Gilpin, 727; Elliot, 125, and Appendix No. 1.

states, which many of them had assisted to frame. Altogether they formed "the goodliest fellowship of" lawgivers "whereof this world holds record." In their standing rules they unanimously forbade any registry to be made of the votes of individuals, so that they might, without reproach or observation, mutually receive and impart instruction; and they sat with closed doors, lest the publication of their debates should rouse the country to obstinate conflicts before they themselves should have reached their conclusions.

On the twenty-ninth, Edmund Randolph, the governor of Virginia, opened the business of the convention in this wise: "To prevent the fulfilment of the prophecies of the downfall of the United States, it is our duty to inquire into the defects of the confederation and the requisite properties of the government now to be framed; the danger of the situation and its remedy.

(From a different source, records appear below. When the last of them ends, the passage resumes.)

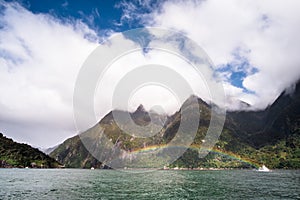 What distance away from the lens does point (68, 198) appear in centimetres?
3878

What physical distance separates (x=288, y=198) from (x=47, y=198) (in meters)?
40.5

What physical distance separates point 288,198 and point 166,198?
826 inches

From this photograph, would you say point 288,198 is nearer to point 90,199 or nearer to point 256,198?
point 256,198

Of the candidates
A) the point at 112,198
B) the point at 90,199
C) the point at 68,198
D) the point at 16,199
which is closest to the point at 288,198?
the point at 112,198

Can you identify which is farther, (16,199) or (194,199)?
(194,199)

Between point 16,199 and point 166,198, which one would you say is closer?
point 16,199

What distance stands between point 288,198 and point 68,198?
3726 cm

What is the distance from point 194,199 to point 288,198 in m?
16.4

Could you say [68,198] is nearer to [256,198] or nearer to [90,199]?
[90,199]

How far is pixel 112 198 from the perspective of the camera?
39.0 meters

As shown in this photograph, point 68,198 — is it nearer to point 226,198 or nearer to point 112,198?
point 112,198

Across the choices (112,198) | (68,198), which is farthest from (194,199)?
(68,198)

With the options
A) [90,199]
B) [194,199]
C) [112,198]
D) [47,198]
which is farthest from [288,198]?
[47,198]

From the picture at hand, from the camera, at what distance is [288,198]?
4053 centimetres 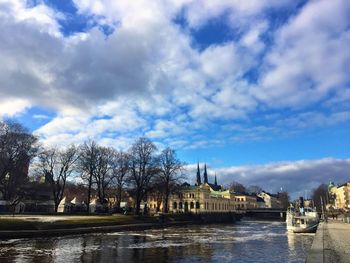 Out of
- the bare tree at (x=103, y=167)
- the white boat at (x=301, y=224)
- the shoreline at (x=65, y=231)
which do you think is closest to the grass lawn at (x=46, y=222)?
the shoreline at (x=65, y=231)

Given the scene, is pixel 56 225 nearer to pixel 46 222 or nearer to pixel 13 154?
pixel 46 222

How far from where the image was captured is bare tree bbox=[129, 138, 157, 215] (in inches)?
3701

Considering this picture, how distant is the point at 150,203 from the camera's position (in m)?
172

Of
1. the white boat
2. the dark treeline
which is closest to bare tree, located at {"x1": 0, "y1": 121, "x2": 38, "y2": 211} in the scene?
the dark treeline

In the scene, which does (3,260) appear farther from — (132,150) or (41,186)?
(41,186)

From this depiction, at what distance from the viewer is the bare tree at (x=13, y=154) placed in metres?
77.1

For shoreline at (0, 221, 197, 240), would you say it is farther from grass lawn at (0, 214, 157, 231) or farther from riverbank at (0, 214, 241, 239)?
grass lawn at (0, 214, 157, 231)

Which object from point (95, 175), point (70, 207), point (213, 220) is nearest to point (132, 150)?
point (95, 175)

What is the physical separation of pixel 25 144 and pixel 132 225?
27044 millimetres

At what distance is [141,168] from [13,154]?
2923 centimetres

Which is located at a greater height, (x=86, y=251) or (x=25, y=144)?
(x=25, y=144)

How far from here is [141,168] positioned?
94.8m

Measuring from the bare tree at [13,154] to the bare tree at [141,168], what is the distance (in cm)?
2286

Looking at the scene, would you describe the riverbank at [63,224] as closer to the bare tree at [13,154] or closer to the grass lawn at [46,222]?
the grass lawn at [46,222] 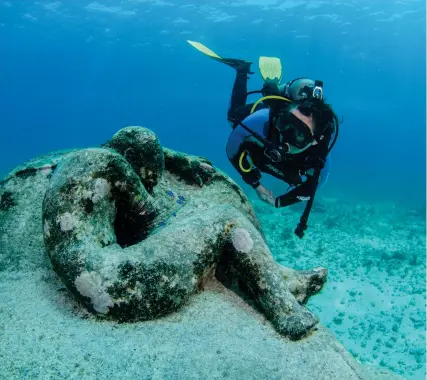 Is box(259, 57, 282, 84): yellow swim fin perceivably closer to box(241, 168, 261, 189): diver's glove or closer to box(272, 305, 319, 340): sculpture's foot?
box(241, 168, 261, 189): diver's glove

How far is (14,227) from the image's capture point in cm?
373

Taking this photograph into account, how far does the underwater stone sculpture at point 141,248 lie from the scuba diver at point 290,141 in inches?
60.3

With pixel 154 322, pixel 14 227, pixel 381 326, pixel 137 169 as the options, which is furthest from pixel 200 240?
pixel 381 326

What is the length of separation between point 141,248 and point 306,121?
264 cm

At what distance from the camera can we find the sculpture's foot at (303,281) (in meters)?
3.42

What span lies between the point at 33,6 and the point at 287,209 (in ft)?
115

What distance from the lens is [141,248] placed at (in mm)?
2871

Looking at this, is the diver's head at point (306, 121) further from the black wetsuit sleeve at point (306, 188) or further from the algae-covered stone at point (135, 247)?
the algae-covered stone at point (135, 247)

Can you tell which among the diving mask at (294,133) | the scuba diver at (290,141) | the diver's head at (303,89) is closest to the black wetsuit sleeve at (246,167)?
the scuba diver at (290,141)

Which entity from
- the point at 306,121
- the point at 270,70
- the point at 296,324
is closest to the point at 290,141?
the point at 306,121

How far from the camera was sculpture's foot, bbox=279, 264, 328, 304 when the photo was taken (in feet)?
11.2

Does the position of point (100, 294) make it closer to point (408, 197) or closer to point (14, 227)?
point (14, 227)

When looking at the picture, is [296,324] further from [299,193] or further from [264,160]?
[264,160]

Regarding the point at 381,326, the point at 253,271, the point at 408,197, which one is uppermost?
the point at 253,271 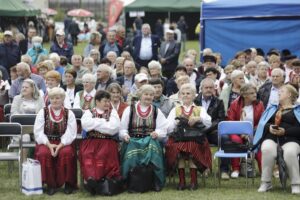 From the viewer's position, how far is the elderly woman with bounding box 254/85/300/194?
8.85 meters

"The confederation was made in the infancy of the science of constitutions, when the inefficiency of requisitions was unknown; when no commercial discord had arisen among states: when no rebellion like that in Massachusetts had broken out; when foreign debts were not urgent; when the havoc of paper money had not been foreseen; when treaties had not been violated; and when nothing better could have been conceded by states jealous of their sovereignty. But it offered no security against foreign invasion, for congress could neither prevent nor conduct a war, nor punish infractions of treaties or of the law. of nations, nor control particular states from provoking war. The federal government has no constitutional power to check a quarrel between separate states; nor to suppress a rebellion in any one of them; nor to establish a productive impost; nor to counteract the commercial regulations of other nations; nor to defend itself against encroachments of the states. From the manner in which it has been ratified in many of the states, it cannot be claimed to be paramount to the state constitutions; so that there is a prospect of anarchy from the inherent laxity of the government. As the remedy, the government to be established must have for its basis the republican principle."

He then proposed fifteen resolutions, which he explained one by one.

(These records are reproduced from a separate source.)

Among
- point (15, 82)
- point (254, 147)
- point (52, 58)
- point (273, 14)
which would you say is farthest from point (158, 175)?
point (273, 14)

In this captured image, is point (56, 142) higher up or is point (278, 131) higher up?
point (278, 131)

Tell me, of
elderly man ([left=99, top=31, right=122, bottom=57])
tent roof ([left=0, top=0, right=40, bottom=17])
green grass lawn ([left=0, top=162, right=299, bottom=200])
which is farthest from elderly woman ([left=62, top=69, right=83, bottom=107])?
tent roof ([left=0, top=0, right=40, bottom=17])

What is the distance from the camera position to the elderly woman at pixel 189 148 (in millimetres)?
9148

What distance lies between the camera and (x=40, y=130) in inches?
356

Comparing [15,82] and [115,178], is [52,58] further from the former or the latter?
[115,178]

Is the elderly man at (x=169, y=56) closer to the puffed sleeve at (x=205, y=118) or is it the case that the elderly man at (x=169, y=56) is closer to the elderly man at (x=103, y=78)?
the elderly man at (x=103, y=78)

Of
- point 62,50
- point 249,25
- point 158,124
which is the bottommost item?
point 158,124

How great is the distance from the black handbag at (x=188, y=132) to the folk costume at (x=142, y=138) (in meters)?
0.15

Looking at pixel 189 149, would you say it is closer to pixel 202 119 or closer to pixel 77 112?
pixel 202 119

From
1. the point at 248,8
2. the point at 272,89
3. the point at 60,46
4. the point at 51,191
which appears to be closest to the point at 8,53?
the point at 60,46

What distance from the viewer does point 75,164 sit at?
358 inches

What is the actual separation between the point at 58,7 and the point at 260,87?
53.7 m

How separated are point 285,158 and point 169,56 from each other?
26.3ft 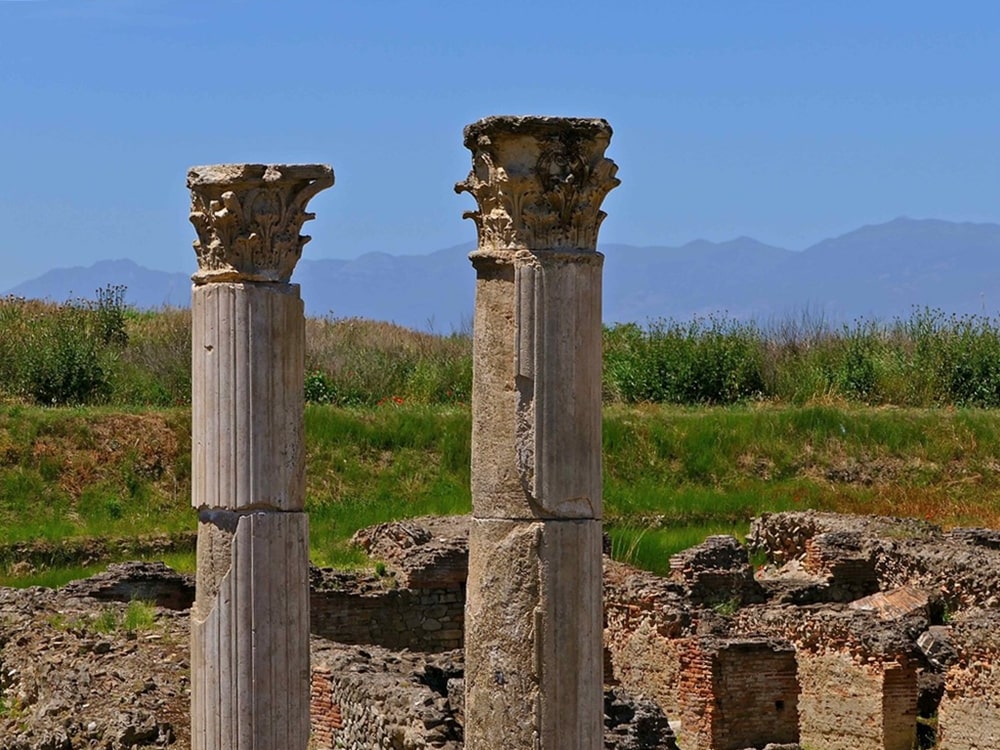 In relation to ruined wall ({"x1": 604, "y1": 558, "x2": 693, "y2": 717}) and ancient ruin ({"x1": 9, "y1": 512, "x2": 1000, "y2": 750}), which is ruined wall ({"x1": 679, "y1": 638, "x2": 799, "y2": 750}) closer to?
ancient ruin ({"x1": 9, "y1": 512, "x2": 1000, "y2": 750})

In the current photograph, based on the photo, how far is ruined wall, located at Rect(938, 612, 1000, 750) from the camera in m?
18.9

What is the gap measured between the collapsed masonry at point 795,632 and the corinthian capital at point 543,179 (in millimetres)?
9505

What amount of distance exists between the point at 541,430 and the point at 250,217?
209 cm

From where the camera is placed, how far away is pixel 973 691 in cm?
1916

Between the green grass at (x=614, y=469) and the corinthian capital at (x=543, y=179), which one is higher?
the corinthian capital at (x=543, y=179)

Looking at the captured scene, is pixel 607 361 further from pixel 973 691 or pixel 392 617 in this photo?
pixel 973 691

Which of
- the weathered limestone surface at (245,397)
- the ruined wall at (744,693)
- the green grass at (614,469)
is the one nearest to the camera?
the weathered limestone surface at (245,397)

"The articles of confederation ought to be so corrected and enlarged as to accomplish the objects proposed by their institution; namely, 'common defence, security of liberty, and general welfare.'

"The rights of suffrage in the national legislature ought to be proportioned to the quotas of contribution, or to the number of free inhabitants.

"The national legislature ought to consist of two branches, of which the members of the first or democratic house ought to be elected by the people of the several states; of the second, by those of the first, out of persons nominated by the individual legislatures.

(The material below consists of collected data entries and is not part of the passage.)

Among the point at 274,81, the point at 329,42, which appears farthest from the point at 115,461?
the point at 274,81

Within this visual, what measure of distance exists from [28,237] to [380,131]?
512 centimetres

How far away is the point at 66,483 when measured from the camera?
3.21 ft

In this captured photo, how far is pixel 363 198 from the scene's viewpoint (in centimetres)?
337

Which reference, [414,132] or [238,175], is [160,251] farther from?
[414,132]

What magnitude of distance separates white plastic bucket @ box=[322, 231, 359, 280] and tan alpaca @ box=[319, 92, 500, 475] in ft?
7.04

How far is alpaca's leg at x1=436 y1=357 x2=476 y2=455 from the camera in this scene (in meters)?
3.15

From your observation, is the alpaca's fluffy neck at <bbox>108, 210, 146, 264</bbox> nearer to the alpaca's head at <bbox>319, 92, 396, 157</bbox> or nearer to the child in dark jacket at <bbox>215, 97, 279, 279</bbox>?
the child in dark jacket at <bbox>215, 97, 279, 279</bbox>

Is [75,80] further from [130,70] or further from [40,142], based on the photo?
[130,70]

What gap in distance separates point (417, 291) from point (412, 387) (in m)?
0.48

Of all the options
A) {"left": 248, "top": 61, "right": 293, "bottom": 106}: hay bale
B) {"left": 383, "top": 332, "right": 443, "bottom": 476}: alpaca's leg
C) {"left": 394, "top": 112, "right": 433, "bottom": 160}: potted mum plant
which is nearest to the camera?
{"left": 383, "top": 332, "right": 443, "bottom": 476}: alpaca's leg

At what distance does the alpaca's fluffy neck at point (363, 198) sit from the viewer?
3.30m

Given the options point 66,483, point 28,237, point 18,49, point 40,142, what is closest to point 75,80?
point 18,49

"The national legislature, of which each branch ought to possess the right of originating acts, ought to enjoy the legis lative rights vested in congress by the confederation, and moreover to legislate in all cases to which the separate states are incompetent, or in which the harmony of the United States might be interrupted by the exercise of individual legislation; to negative all laws passed by the several states contravening the articles of union; and to call forth the force of the union against any member of the union failing to fulfil its duty under the articles thereof.

"A national executive, chosen by the national legislature and ineligible a second time, ought to enjoy the executive rights vested in congress by the confederation, and a general authority to execute the national laws.

"The executive and a convenient number of the national judiciary ought to compose a council of revision, with authority to examine every act of the national legislature before it shall operate.

"A national judiciary ought to be established; to consist of supreme and inferior tribunals; to be chosen by the national legislature; to hold their offices during good behavior, with jurisdiction to hear and determine all piracies and felonies on the high seas; captures from an enemy; cases in which foreigners and citizens, a citizen of one state and a citizen of another state, may be interested; cases which respect the collection of the national revenue; impeachments of national officers; and questions which may involve the national peace and harmony.